Cette décision a été rendue à l’absence du prévenu et de ses conseils.

Dans la salle, le juge Alphonse Charles Wright a déclaré, «Étienne Soropogui coupable de délit de diffamation par voie de presse sur la personne de monsieur Malik Sankhon.» À cet effet, Il l’a condamné au «paiement d’une amende de 2 millions de francs guinéens.»

Reconnaissant ensuite le prévenu responsable des préjudices causés au plaignant, il l’a aussi condamné  «au paiement à son profit d’un franc symbolique de 20 mille francs guinéen. Ordonne la publication de la décision dans trois journaux de presse, observateur, Lynx et indépendant. À la charge du prévenu».

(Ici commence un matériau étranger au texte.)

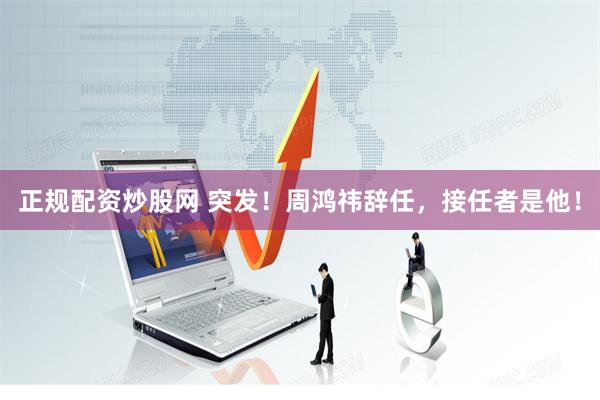 正规配资炒股网 突发！周鸿祎辞任，接任者是他！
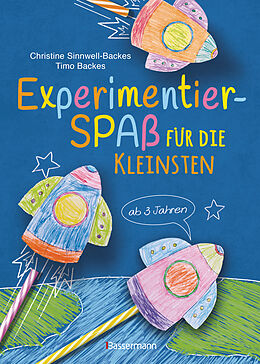 Fester Einband Experimentierspaß für die Kleinsten. 25 leichte Experimente für Kinder ab 3 Jahren. Schwebende Eier, Fluchtpfeffer, Rasierschaum-Regenwolken u.v.m. Leicht durchführbar mit Haushaltsmaterialien von Christine Sinnwell-Backes, Timo Backes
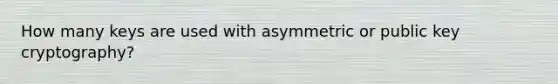 How many keys are used with asymmetric or public key cryptography?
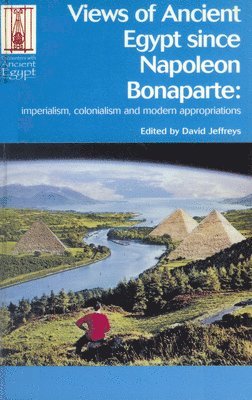 bokomslag Views of Ancient Egypt since Napoleon Bonaparte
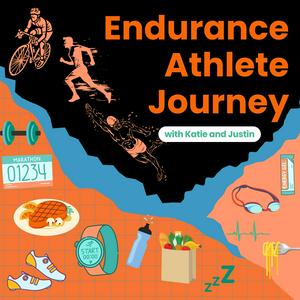 The Endurance Athlete Journey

Au sortir de la salle d’audience, Me Lancinet Sylla, conseil de Malik Sankhon s’est dit satisfait de cette décision. «M. Malik Sankhon, lui tout ce qu’il recherchait, c’était comment il pouvait voir son honneur rétabli dans cette affaire. Il n’avait demandé que le franc symbolique comme dommage et intérêt. Ce qui lui a été accordé. Il avait sollicité et il l’a obtenu, qu’il soit ordonné la publication de la décision de condamnation dans des organes de presse», a rapporté l’avocat.

À la question de savoir pourquoi une peine de privation de liberté n’a pas été prononcée, il a expliqué: « vous savez, nous sommes en matière de délit de presse. C’est la dépénalisation. Ce qui signifie que des peines qui peuvent être prononcées sont des peines d’amende.»

D’après lui, « cette décision de justice sonne comme la fin du règne de l’impunité pour certains leaders politiques…»

Me Lancinet Sylla, conseil de Malik Sankhon

Pour rappel, le 23 janvier dernier, dans une émission à grande écoute, Étienne Soropogui avait accusé Malick Sankhon d’être le responsable de la calcination des véhicules à la Casse. Une accusation qu’il n’a jamais pu prouver à la barre.